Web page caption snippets
◇ ◇ ◇ ◇

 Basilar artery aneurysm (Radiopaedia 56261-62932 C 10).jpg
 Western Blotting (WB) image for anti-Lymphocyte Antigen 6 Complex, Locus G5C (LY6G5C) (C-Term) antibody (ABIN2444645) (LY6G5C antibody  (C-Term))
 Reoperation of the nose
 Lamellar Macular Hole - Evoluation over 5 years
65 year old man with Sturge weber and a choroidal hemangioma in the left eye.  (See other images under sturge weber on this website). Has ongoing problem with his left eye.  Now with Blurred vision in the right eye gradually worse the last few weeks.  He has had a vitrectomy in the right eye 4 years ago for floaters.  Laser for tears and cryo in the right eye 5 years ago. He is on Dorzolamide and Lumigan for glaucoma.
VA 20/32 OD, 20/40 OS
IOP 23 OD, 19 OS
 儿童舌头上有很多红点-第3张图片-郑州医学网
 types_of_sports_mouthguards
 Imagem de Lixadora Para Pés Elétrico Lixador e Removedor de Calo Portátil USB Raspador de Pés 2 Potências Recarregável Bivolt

◇ ◇ ◇ ◇

§ **Goal of the exercise**
The answer should be nothing more than the lines from the one with "IOP 23 OD, 19 OS" through the end of the entries, restated word for word.

§ **Exercise result**
IOP 23 OD, 19 OS
 儿童舌头上有很多红点-第3张图片-郑州医学网
 types_of_sports_mouthguards
 Imagem de Lixadora Para Pés Elétrico Lixador e Removedor de Calo Portátil USB Raspador de Pés 2 Potências Recarregável Bivolt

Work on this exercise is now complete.